Marc Jacobs channeled the decadent Eighties again for his Spring Summer 2010 collection for his streetwear line Marc for Marc Jacobs. The designer mentioned to me backstage before the show that this particular collection is inspired from the 1980’s New Wave band, Bow Wow Wow, and the Mudd Club, the hip NYC bar of the early ‘80s, where punks and literary icons were known to have shared a cocktail or two.

As I watched the models parade in bright colors with print over print looks, I saw boys and girls in “I-just- wanna- have- fun” attitudes. The audience erupted in loud applause when the familiar bunny bows adorned models’ hair, echoing the designer’s unforgettable Vuitton look last season.

The beauty of this collection lay in the expert layering of fabrics and the bold mix of colors, as in the pink, pop checked shirt mixed with turquoise, star skirt with metallic, tube necklace and gold, wedge sandals.

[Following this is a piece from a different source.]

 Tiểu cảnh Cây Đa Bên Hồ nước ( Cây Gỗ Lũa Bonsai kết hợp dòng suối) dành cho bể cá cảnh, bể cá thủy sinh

Another notable look was a yellow sweater paired with cream, denim pants with green belt and fuchsia, wedge, lace-up shoes.

Jacobs also added a hint of tribal style with a twist in this collection, showing tees in yellow and navy cheetah prints paired with shorts and army hi-top sneakers and sapphire, striped jackets over talc, maze-print shirts in sapphire pants with black skeleton necklace.

Marc Jacobs never fails to surprise even the most jaded of fashionistas and, for this collection, the surprise was his brilliant mix and match of the most unlikely elements, transforming contradiction to perfection and irony to harmony.